■ **About this task**: Please, from the entries below, transcribe exactly the lines that begin at the line with "Healong Digital Print" and end at the line with "Abbildung von Nobo", without the pictures.

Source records

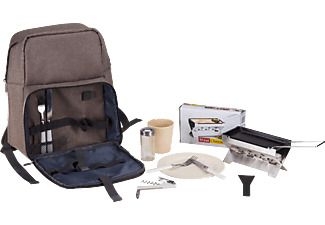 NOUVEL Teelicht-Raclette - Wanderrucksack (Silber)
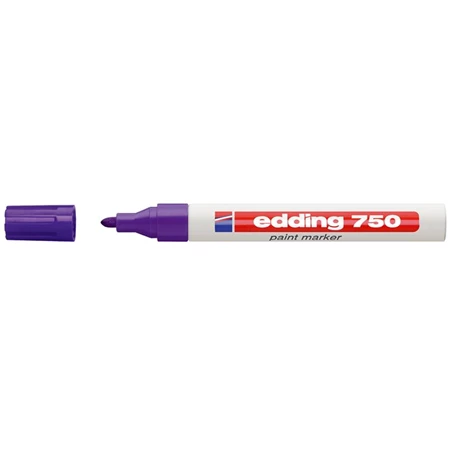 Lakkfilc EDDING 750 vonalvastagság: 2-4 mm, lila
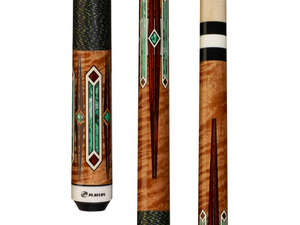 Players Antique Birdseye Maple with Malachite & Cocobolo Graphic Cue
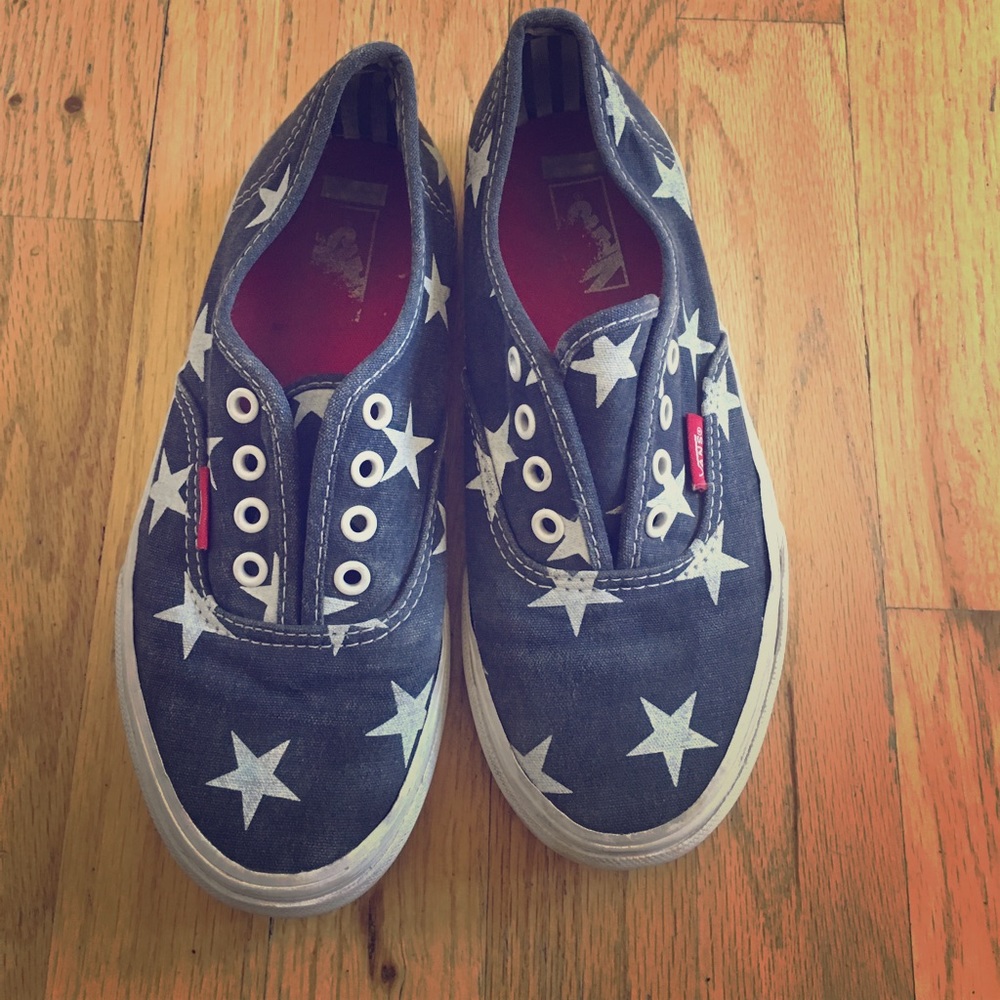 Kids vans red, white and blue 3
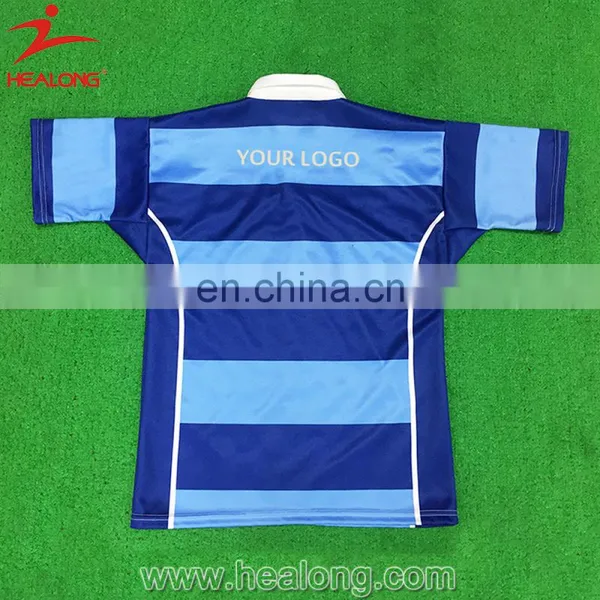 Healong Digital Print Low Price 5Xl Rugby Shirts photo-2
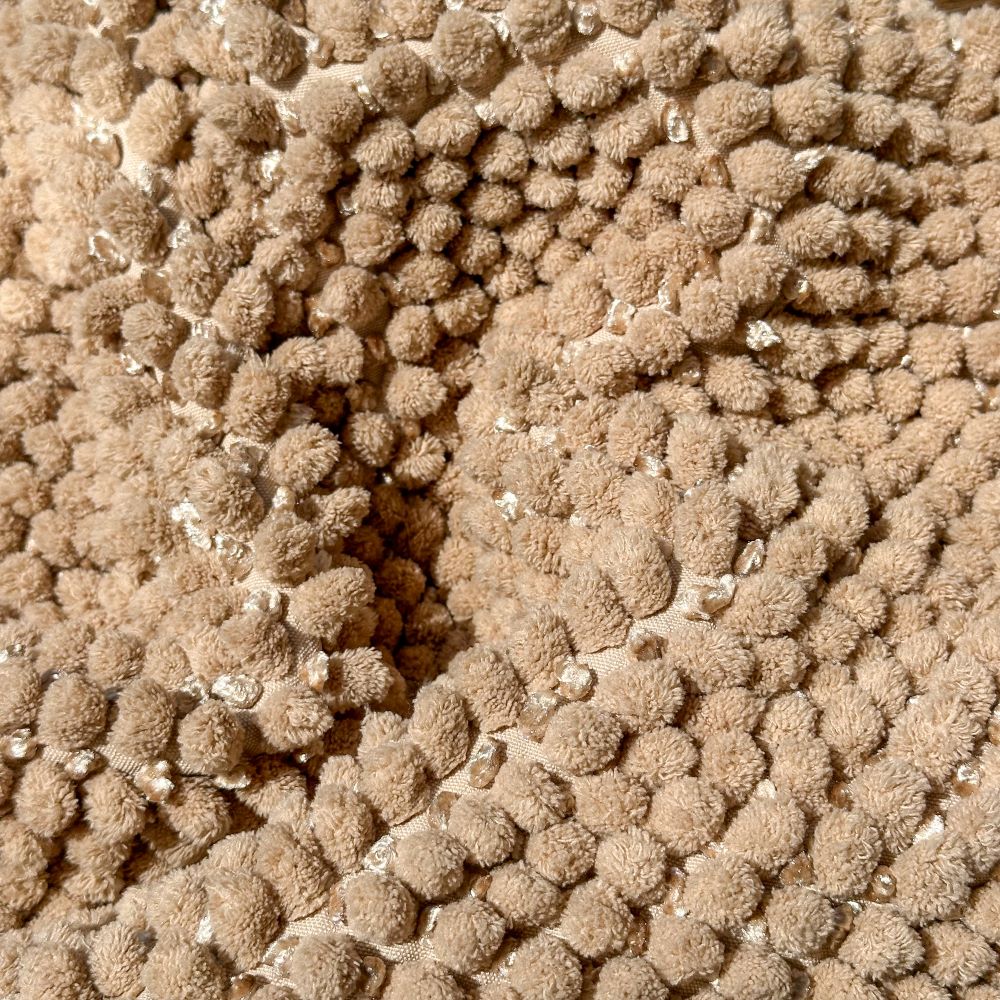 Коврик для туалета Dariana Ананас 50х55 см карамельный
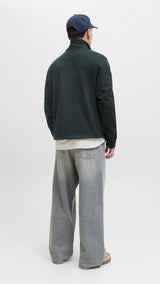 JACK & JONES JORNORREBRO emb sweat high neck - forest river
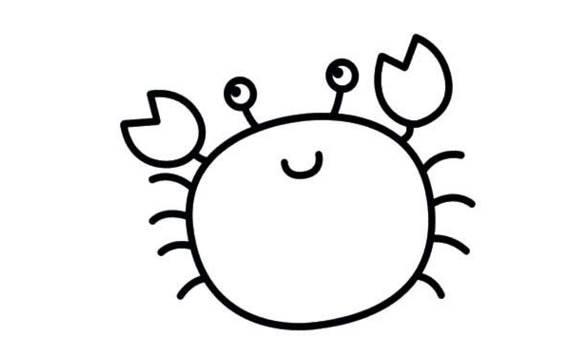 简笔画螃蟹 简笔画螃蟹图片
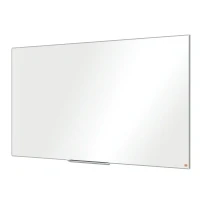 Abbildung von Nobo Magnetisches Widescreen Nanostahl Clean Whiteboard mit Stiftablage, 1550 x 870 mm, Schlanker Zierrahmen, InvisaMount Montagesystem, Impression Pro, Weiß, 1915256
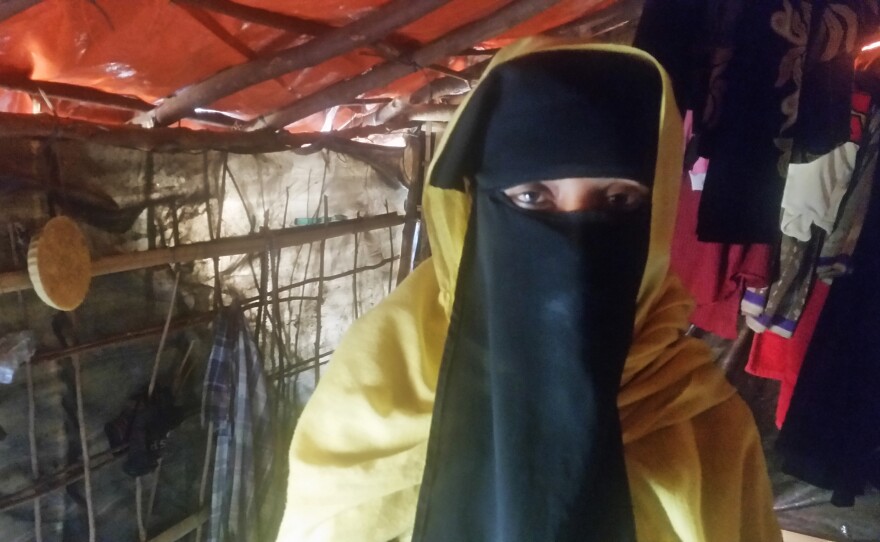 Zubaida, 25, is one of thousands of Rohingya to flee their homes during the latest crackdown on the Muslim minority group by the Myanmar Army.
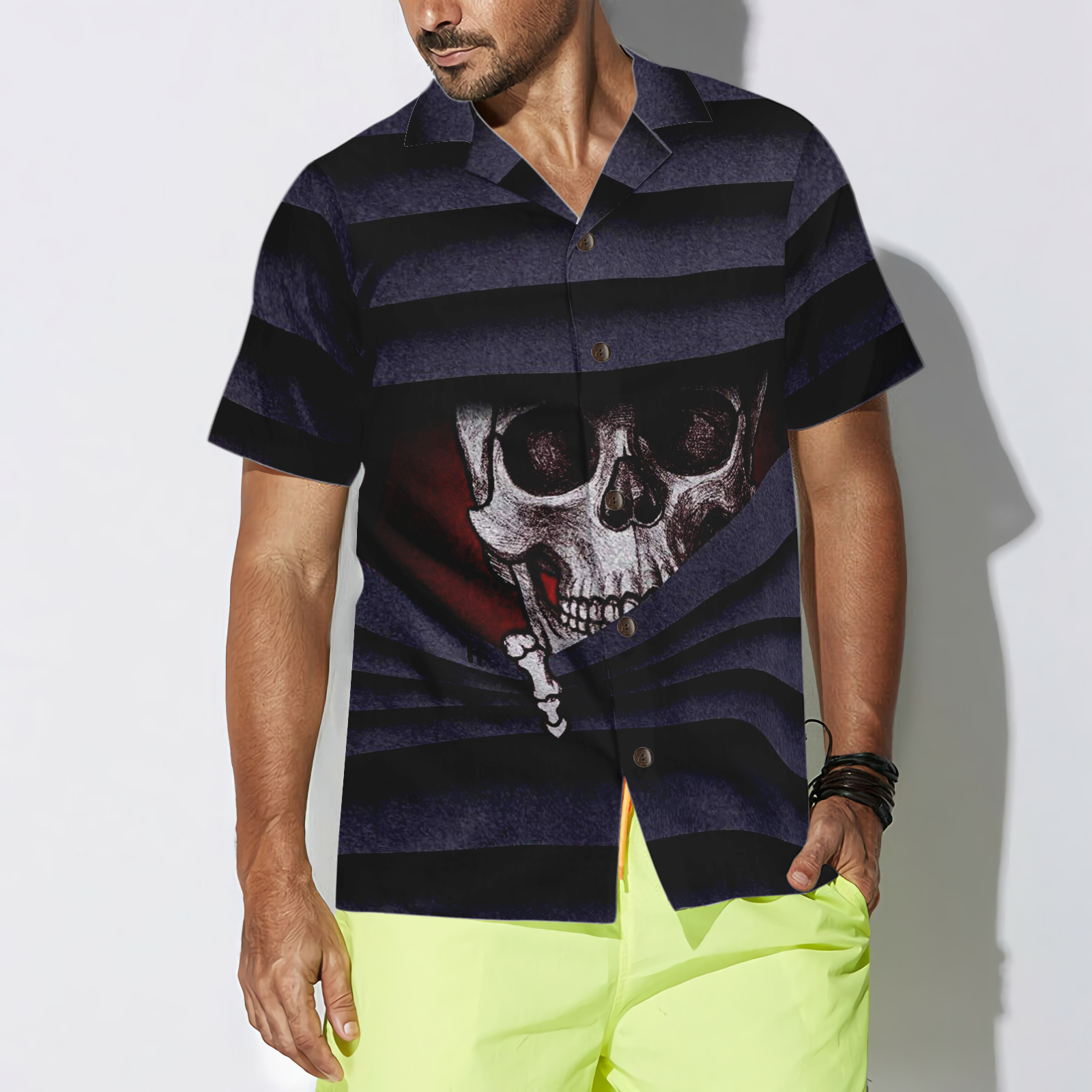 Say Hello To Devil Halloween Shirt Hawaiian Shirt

■ **Task response**:
 Healong Digital Print Low Price 5Xl Rugby Shirts photo-2
 Коврик для туалета Dariana Ананас 50х55 см карамельный
 JACK & JONES JORNORREBRO emb sweat high neck - forest river
 简笔画螃蟹 简笔画螃蟹图片
 Abbildung von Nobo Magnetisches Widescreen Nanostahl Clean Whiteboard mit Stiftablage, 1550 x 870 mm, Schlanker Zierrahmen, InvisaMount Montagesystem, Impression Pro, Weiß, 1915256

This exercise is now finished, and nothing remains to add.